Yes, that is misleading, but this sinkhole is a lake of methane gas, which is bubbling up from very deep. That's why the guy "likened it" to volcanic.

Initially, 350 residents were evacuated that lived within a mile. Over the course of the next year, the 1-acre sinkhole grew to 26-acres and 65 families remained displaced. 44 of those families were bought out by Texas Brine, and the rest continue to collect an $865 per week check from the company.

I recently wrote a book about methane and hydrogen sulfide gases which is in the publishing stages now and in it, I dedicate a full chapter to this disaster. Here is a bit from that chapter.

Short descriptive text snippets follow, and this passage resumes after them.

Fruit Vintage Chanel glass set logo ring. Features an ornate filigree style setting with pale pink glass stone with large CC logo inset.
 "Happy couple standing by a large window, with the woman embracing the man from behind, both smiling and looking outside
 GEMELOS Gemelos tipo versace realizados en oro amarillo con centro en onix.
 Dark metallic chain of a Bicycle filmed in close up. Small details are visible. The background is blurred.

Geologists believe that the Bayou Corne sinkhole may still double in size to over 50 acres. Seismic activity and dangerous methane and hydrogen sulfide gases continue to bubble up and release from the swamp. The hole is over 1,000 feet in depth. There is literally tons of methane gas migrating through caverns throughout the area not to mention the hundreds of pipelines that crisscross carrying highly explosive chemicals. In January of 2014, loud booms were reported around the same time as seismic activity about 45 miles from the hole and about 140 miles from BP’s Macondo Prospect oil well in the Gulf of Mexico. These booms were most likely gas explosions as it escaped from fissures caused by minor earthquakes. With the dangerous mix of gases, pipelines, and seismic activity, this is a catastrophe lurking in the not-to-distant future.

The sinkhole is believed to be caused by a failed cavern wall in the western-edge caverns under the Napoleonville Salt Dome. The collapse triggered a chain-reaction of collapses, which continued to grow over the next year. Minor earthquakes that started on June 8, 2012, are the most likely culprit of the original collapse. After that first quake two months prior to the collapse, tremors continued to rattle the area. What caused the earthquakes? According to the lead Bayou Corne seismologist at the time of the collapse, Dr. Stephen Horton, the quakes were manmade, caused by the fossil fuel industry. It was reported that within the first few months of the collapse, there were thousands of quakes with differing intensities.

Horton said that the Department of Natural Resources didn’t want to believe that the sinkholes caused the bubbles and that the bubbles are what caused the sinkholes, rather than the quakes. He said that instead of calling the thousands of quakes that were occurring prior to the collapse what they were, quakes, they called them tremors.
Horton pointed out that on July 24, 2012, the number of quakes drastically increased to hundreds, sometimes thousands a day until August 2 when they stopped. The next day the sinkhole opened up.